Source data.
%%

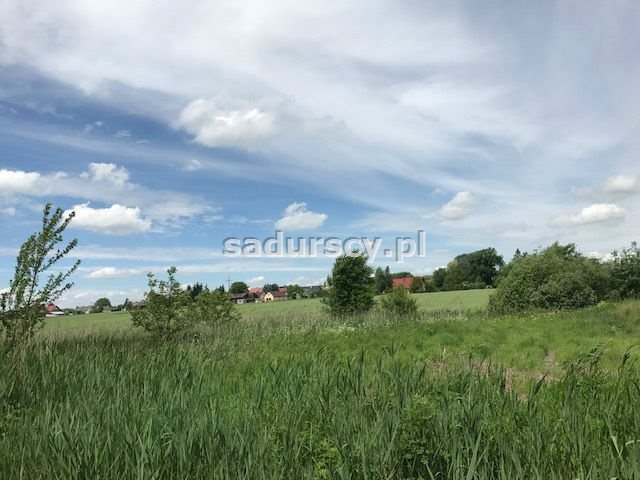 Działka inna na sprzedaż Januszowice 7 200m2 Foto 1 Działka inna na sprzedaż Januszowice 7 200m2 Foto 1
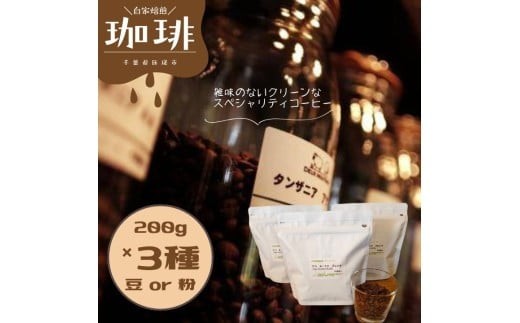 
                  ドゥ　ムートン　ブレンド 200g　 エチオピア イルガチェフ W 200g　ケニアAA 200g（豆・粉） ／ 珈琲 コーヒー 珈琲豆 コーヒー豆 スペシャルティコーヒー エチオピアイルガチェフW ケニアAA 豆 粉
                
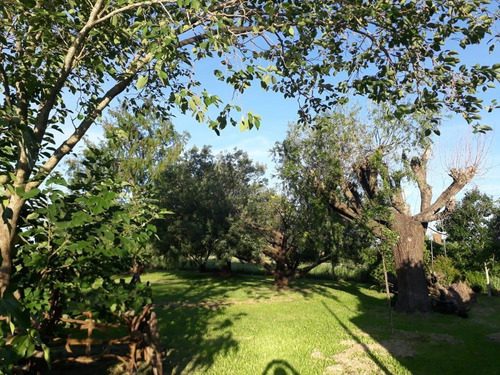 Imagen 6 de 11 de Casa - Arroyo Aguiar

%%

Your instructions. Reproduce the whole listing above character for character; pictures do not belong in it.

Finished task.
 Działka inna na sprzedaż Januszowice 7 200m2 Foto 1 Działka inna na sprzedaż Januszowice 7 200m2 Foto 1
                  ドゥ　ムートン　ブレンド 200g　 エチオピア イルガチェフ W 200g　ケニアAA 200g（豆・粉） ／ 珈琲 コーヒー 珈琲豆 コーヒー豆 スペシャルティコーヒー エチオピアイルガチェフW ケニアAA 豆 粉
                
 Imagen 6 de 11 de Casa - Arroyo Aguiar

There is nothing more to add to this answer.